Além dos mapas físicos, a pesquisa também irá proporcionar mapas territoriais com representações quali-quantitativas
do processo de uso e ocupação multitemporal do solo e sua influência nas unidades identificadas, permitindo assim compreender a configuração ambiental da região, por meio da análise integrada de suas paisagens e do processo de uso e ocupação do território, o que influencia diretamente a conservação dos recursos naturais.
A pesquisa fortalece o grupo de pesquisa composto por pesquisadores nacionais e internacionais que contribuem para o conhecimento dos aspectos físicos naturais do Pantanal, permitindo acúmulo de uma importante gama de informações científicas que irão direcionar o processo de uso e ocupação das áreas naturais do Estado para um percurso embasado na
sustentabilidade, conservação dos recursos da natureza e respeito aos limites físico-naturais das paisagens.
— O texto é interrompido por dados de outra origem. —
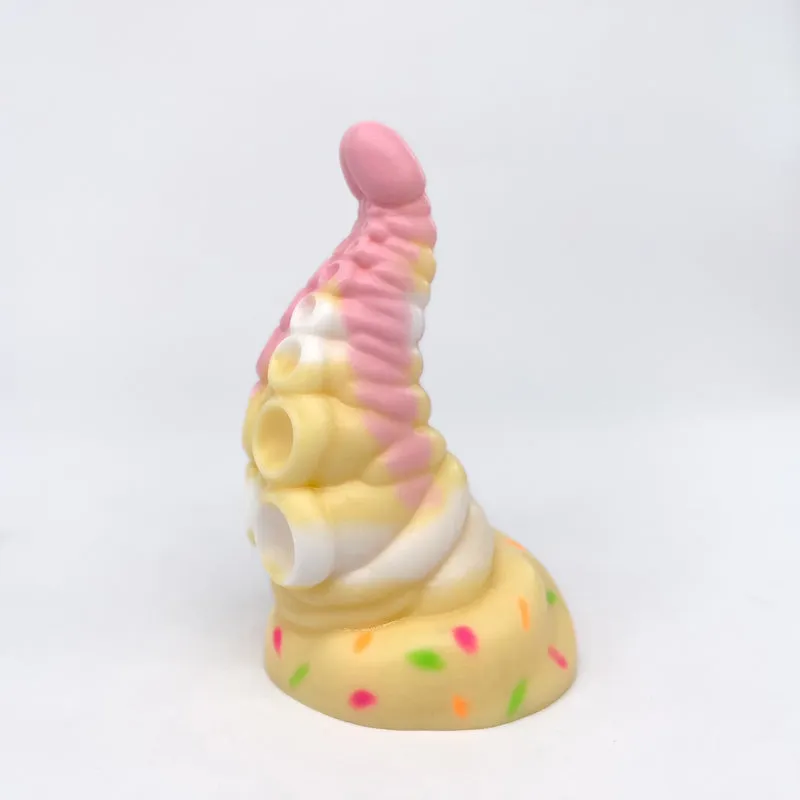 Tentickle Tenton Cake Drip dildo mini medium OO50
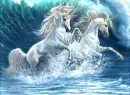 unicorns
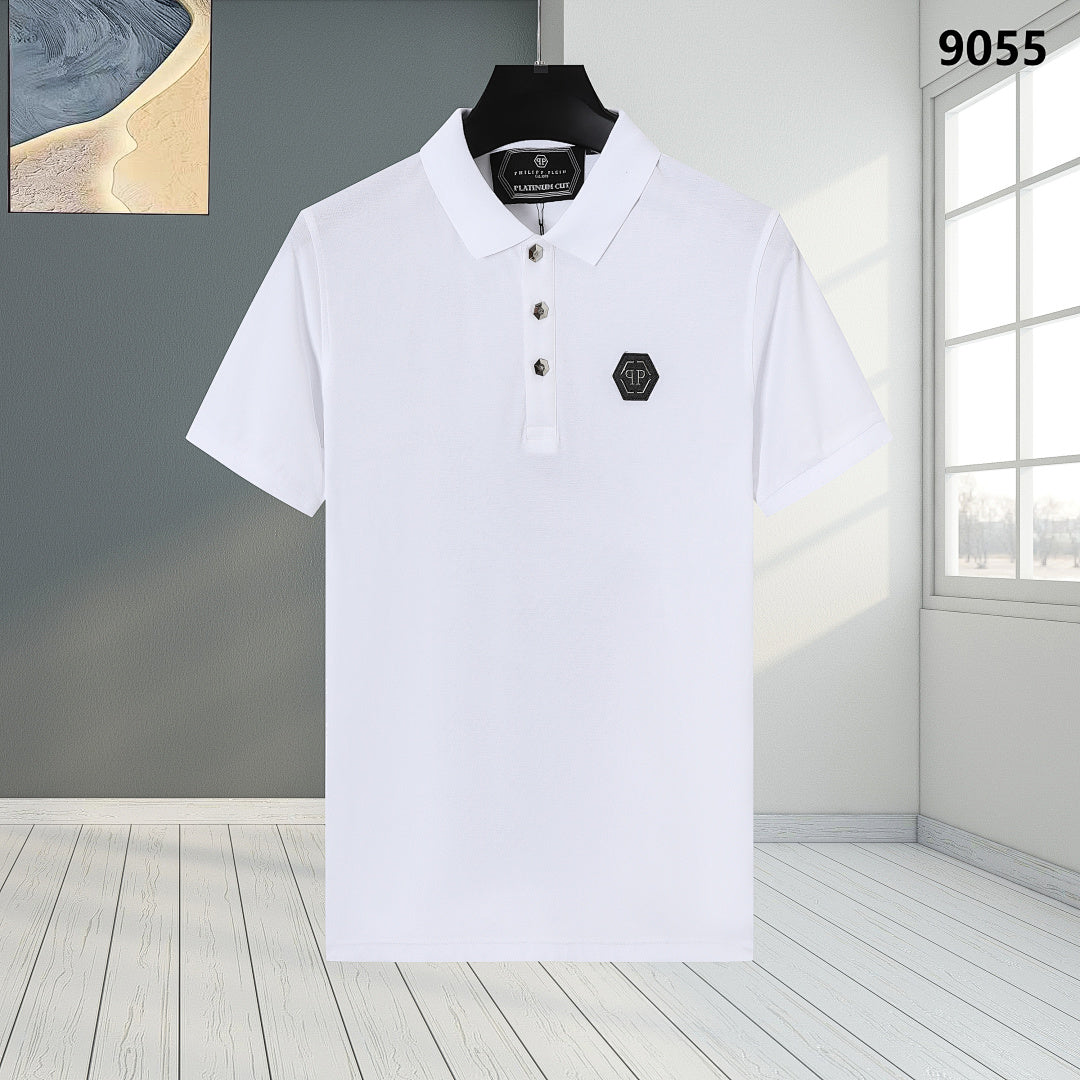 PHILIPP PLEIN New Men's Polo Shirt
O pesquisador Hervé Quenól, geógrafo-climatólogo e diretor do Laboratório LETG-Rennes-COSTEL (CNRS e Universidade do Rennes 2), na França,é um dos integrantes da equipe e realiza pesquisas sobre o impacto das alterações climáticas em escalas locais, além de investigações sobre o clima urbano. No Brasil, participa de projetos
de investigação sobre a paisagem em Mato Grosso do Sul. “Nesta linha, eu trago minha experiência voltada à
climatologia para analisar a influência dos tipos de paisagens do Pantanal na variabilidade espacial do clima local”,
afirma.
Segundo Quenól, a principal especificidade da paisagem do Pantanal do Abobral é a diversidade, que tem um grande impacto sobre a variabilidade climática, o que afeta a biodiversidade, fauna e flora. “A análise sistêmica da paisagem, envolvendo o clima e a biodiversidade, é extremamente importante, especialmente para a conservação do meio ambiente”.
Várias tecnologias são utilizadas em climatologia aplicada. Para alcançar as medidas climáticas, serão instalados
10 sensores meteorológicos para diferentes tipos de unidades de paisagem, além de uma estação meteorológica
automática. Esses instrumentos registram a temperatura e a umidade do ar a cada hora. Uma estação meteorológica irá registrar os dados de temperatura, umidade, vento e precipitação, possibilitando averiguar as condições meteorológicas gerais.
A análise dos dados permitirá a avaliação da variabilidade espacial do clima no local de estudo, com base nas condições
meteorológicas gerais.
“A espacialização e modelagem de dados do clima será realizada com base em modelos estatísticos e sistema de informação geográfica. Isso permitirá o mapeamento da variabilidade espacial do clima”, explica Quenól.
“O principal desafio para a região é preservar as unidades de paisagem. O impacto das unidades de paisagem
é tão importante quanto o impacto da mudança climática global. Por exemplo, se pequenas partes de
áreas arborizadas são destruídas, a temperatura local pode aumentar em vários graus, e isso vai inevitavelmente
impactar a biodiversidade. Numerosos estudos científicos abordam o impacto das alterações globais em escalas
locais. Aqui queremos mostrar que as mudanças climáticas locais causadas por mudanças na paisagem podem
[eventualmente] causar impacto sobre o clima global. Isso, às vezes, é discutido para a Amazônia, mas também pode ser referido para o cenário do Pantanal”, avalia Quenól. O grupo está em fase de finalização da instalação dos instrumentos e da análise dos dados coletados em campo, sendo essas atividades concentradas na Base de Estudos do Pantanal
(UFMS), às margens do rio Miranda, e na Fazenda Santa Clara, às margens do rio Abobral. A pesquisa está permitindo
caracterizar em escala de detalhe as diferentes unidades da paisagem do Pantanal do Abobral, no que se refere às características pedológicas, microclimáticas, biogeográficas e de ocupação do solo, bem como monitorar a presença de mastofauna nas diferentes unidades identificadas.
Parte do levantamento florístico e da morfologia dos fragmentos florestais, além dos dados para interpretação das classes de uso e ocupação do solo da área, já foram efetivadas, o que permitirá a conclusão das análises de geoprocessamento de dados em ambiente de Sistema de Informação Geográfica (SIG) no laboratório de Geoprocessamento da Uniderp.